Why is Worldwide Consumption of Olive Oil Declining?
Olive oil prices across all classifications are down and recent International Olive Council (IOC) data shows that imports into major importing countries such as the USA, India, China and Australia are down. Even in Spain, the world’s largest producer, there are reports of reduced consumption of olive oil, with the exception of extra virgin olive oil which has shown a slight rise. The data provided generally measures the tonnage of olive oil traded, data of value of oil traded is scarce. It may well be that while tonnage is down, value may be up indicating the higher price and volume of extra virgin olive oil sold.
The downward trend in olive oil trade by tonnage can be for a number of reasons.

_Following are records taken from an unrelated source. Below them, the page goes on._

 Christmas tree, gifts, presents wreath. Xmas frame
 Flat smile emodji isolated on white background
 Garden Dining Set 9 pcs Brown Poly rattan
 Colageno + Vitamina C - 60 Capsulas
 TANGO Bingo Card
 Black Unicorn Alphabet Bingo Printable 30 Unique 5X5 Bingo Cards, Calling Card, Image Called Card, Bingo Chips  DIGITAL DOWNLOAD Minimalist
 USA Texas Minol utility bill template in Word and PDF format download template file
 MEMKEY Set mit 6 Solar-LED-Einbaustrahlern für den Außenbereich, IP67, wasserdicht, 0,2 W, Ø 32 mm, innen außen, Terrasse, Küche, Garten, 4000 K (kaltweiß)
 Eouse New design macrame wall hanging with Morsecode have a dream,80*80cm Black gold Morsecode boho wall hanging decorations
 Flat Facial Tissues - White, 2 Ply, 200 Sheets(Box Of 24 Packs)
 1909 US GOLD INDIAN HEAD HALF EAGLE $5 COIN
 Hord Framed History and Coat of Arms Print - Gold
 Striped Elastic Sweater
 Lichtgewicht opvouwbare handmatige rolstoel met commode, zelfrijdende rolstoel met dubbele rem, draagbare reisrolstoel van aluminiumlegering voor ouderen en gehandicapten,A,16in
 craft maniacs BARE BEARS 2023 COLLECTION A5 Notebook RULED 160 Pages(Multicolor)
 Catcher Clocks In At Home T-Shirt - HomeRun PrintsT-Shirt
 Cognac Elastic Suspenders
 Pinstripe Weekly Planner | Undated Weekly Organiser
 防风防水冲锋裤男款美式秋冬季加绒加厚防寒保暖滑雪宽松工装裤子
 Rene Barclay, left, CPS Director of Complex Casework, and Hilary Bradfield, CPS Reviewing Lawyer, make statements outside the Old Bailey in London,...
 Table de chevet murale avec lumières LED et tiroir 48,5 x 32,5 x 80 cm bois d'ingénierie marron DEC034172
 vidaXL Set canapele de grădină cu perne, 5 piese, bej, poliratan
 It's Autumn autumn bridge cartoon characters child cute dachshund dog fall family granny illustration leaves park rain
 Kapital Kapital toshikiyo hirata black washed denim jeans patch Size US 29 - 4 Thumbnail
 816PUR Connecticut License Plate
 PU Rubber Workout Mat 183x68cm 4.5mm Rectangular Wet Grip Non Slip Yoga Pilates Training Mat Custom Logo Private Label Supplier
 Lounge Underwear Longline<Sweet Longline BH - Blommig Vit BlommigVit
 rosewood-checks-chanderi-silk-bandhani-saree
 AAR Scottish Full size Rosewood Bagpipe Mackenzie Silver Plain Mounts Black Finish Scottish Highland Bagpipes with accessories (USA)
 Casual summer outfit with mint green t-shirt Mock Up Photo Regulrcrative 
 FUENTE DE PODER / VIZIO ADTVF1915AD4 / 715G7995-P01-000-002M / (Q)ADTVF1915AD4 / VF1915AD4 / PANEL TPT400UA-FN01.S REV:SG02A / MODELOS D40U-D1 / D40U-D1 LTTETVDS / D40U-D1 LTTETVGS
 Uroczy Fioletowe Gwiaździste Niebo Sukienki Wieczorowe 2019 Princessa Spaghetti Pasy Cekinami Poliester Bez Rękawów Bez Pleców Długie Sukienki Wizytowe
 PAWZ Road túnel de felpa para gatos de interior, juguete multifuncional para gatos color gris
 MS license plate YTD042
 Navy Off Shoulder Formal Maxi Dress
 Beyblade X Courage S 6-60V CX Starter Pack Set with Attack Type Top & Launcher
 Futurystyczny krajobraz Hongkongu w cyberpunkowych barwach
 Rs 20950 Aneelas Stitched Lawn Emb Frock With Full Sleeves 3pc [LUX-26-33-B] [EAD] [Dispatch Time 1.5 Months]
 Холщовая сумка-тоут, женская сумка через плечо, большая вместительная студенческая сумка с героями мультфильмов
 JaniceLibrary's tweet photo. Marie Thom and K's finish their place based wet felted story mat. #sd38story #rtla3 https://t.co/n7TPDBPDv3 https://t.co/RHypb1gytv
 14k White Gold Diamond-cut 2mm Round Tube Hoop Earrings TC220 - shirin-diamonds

The perception of the value and integrity of olive oil amongst consumers has been affected by the publicity concerning allegedly fraudulent trade in olive oil publicised across all media. Confused, consumers are turning to other vegetable oils for their household needs.
The trend towards higher polyphenols in extra virgin olive oil, pushed as a measure of quality and shelf-life by some producer associations and retailers, is resulting in a product which is too bitter and ‘hot’ for most consumers.
The dual trends of increased production of extra virgin olive oil worldwide and the demand for higher prices from producers is setting prices too high for consumers with diminished disposable income.
All the above is leading to an oversupply of olive oil, especially the higher priced extra virgin olive oil. This in time should lead to a reduction in price to consumers and increased consumption. Producers may not be happy with this and need to adjust production costs – perhaps harvesting a little later to increase yield and produce a greater range of less robust extra virgin olive oil for consumer palates.